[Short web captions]
+++++

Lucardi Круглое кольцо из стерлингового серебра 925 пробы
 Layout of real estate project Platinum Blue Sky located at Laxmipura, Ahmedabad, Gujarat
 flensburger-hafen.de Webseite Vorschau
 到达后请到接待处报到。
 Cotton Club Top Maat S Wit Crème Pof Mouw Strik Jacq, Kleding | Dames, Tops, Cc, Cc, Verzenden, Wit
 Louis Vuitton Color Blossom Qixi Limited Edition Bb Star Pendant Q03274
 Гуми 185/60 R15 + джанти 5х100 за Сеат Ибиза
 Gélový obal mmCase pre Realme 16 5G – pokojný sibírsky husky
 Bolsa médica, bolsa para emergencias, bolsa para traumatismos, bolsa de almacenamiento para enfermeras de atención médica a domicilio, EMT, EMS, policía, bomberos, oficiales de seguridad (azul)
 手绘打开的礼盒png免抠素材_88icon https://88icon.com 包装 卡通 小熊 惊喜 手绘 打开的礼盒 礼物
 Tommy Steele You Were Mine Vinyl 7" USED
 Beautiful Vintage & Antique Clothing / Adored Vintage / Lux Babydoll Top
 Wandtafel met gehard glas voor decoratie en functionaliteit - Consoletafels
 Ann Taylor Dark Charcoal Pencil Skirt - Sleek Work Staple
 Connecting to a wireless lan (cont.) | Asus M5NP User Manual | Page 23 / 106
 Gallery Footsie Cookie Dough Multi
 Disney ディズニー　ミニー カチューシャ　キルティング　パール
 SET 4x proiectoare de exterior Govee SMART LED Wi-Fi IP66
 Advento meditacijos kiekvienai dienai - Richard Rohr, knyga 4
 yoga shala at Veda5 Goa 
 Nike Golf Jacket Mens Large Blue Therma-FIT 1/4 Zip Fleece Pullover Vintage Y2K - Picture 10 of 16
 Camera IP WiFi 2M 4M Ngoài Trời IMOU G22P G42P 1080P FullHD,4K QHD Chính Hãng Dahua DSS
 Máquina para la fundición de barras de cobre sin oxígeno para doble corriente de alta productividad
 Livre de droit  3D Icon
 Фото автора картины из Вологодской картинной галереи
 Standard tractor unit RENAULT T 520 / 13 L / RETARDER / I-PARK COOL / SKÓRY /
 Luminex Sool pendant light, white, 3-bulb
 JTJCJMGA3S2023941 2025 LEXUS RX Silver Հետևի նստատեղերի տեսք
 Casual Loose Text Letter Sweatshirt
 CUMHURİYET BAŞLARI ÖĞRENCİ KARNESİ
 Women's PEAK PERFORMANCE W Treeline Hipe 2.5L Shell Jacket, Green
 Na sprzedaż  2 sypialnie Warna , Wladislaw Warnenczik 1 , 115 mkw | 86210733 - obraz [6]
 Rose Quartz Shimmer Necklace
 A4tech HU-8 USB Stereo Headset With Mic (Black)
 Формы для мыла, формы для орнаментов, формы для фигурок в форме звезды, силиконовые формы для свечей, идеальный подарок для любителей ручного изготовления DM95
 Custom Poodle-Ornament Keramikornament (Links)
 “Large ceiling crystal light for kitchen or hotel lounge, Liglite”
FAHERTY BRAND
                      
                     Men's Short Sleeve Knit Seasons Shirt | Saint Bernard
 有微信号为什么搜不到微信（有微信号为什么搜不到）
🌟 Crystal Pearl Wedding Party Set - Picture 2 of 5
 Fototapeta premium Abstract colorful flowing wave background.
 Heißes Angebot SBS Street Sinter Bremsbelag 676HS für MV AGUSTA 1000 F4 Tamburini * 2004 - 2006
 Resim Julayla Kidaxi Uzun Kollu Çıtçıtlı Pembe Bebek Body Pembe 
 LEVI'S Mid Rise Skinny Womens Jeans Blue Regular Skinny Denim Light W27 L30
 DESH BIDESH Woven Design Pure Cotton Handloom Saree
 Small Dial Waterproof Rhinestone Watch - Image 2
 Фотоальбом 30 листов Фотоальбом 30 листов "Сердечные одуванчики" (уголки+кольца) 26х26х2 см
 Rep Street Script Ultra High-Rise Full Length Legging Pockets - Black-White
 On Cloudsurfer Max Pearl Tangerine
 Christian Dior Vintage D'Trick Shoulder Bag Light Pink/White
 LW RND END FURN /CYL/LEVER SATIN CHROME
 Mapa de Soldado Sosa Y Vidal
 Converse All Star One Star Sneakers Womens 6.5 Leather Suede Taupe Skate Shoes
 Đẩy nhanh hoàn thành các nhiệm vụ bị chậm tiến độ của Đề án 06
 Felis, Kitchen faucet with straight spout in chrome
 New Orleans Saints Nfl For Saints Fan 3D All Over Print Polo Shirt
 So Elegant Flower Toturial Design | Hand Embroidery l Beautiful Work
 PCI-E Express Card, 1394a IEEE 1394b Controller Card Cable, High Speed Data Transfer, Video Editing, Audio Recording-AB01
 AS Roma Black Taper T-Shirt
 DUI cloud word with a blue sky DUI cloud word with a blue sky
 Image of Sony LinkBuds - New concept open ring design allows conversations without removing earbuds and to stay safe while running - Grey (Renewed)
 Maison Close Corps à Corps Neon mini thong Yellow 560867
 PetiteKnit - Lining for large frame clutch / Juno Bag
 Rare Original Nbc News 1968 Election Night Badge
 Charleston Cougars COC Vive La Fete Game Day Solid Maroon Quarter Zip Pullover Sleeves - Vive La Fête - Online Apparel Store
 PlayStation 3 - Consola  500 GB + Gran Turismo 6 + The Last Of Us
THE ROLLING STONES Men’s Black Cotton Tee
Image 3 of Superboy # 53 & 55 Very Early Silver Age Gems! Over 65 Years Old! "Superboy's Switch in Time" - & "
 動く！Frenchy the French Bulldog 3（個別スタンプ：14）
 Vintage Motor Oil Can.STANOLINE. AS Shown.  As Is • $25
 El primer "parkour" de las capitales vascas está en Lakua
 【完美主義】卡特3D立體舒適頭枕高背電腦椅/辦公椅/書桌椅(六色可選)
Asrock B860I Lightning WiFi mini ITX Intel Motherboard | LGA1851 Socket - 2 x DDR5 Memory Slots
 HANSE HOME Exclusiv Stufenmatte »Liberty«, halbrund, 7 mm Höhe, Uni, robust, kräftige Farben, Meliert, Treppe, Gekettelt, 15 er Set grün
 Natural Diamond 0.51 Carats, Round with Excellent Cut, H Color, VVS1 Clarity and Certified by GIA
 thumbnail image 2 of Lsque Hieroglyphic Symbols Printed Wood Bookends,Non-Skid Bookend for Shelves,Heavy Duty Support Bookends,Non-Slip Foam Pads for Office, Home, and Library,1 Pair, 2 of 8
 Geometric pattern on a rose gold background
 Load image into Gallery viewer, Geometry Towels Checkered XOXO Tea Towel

+++++

Only the lines above starting at the one containing "Disney ディズニー　ミニー カチューシャ　キルティング　パール" and ending at the one containing "Small Dial Waterproof", both included, are to be returned, exactly as they read.

 Disney ディズニー　ミニー カチューシャ　キルティング　パール
 SET 4x proiectoare de exterior Govee SMART LED Wi-Fi IP66
 Advento meditacijos kiekvienai dienai - Richard Rohr, knyga 4
 yoga shala at Veda5 Goa 
 Nike Golf Jacket Mens Large Blue Therma-FIT 1/4 Zip Fleece Pullover Vintage Y2K - Picture 10 of 16
 Camera IP WiFi 2M 4M Ngoài Trời IMOU G22P G42P 1080P FullHD,4K QHD Chính Hãng Dahua DSS
 Máquina para la fundición de barras de cobre sin oxígeno para doble corriente de alta productividad
 Livre de droit  3D Icon
 Фото автора картины из Вологодской картинной галереи
 Standard tractor unit RENAULT T 520 / 13 L / RETARDER / I-PARK COOL / SKÓRY /
 Luminex Sool pendant light, white, 3-bulb
 JTJCJMGA3S2023941 2025 LEXUS RX Silver Հետևի նստատեղերի տեսք
 Casual Loose Text Letter Sweatshirt
 CUMHURİYET BAŞLARI ÖĞRENCİ KARNESİ
 Women's PEAK PERFORMANCE W Treeline Hipe 2.5L Shell Jacket, Green
 Na sprzedaż  2 sypialnie Warna , Wladislaw Warnenczik 1 , 115 mkw | 86210733 - obraz [6]
 Rose Quartz Shimmer Necklace
 A4tech HU-8 USB Stereo Headset With Mic (Black)
 Формы для мыла, формы для орнаментов, формы для фигурок в форме звезды, силиконовые формы для свечей, идеальный подарок для любителей ручного изготовления DM95
 Custom Poodle-Ornament Keramikornament (Links)
 “Large ceiling crystal light for kitchen or hotel lounge, Liglite”
FAHERTY BRAND
                      
                     Men's Short Sleeve Knit Seasons Shirt | Saint Bernard
 有微信号为什么搜不到微信（有微信号为什么搜不到）
🌟 Crystal Pearl Wedding Party Set - Picture 2 of 5
 Fototapeta premium Abstract colorful flowing wave background.
 Heißes Angebot SBS Street Sinter Bremsbelag 676HS für MV AGUSTA 1000 F4 Tamburini * 2004 - 2006
 Resim Julayla Kidaxi Uzun Kollu Çıtçıtlı Pembe Bebek Body Pembe 
 LEVI'S Mid Rise Skinny Womens Jeans Blue Regular Skinny Denim Light W27 L30
 DESH BIDESH Woven Design Pure Cotton Handloom Saree
 Small Dial Waterproof Rhinestone Watch - Image 2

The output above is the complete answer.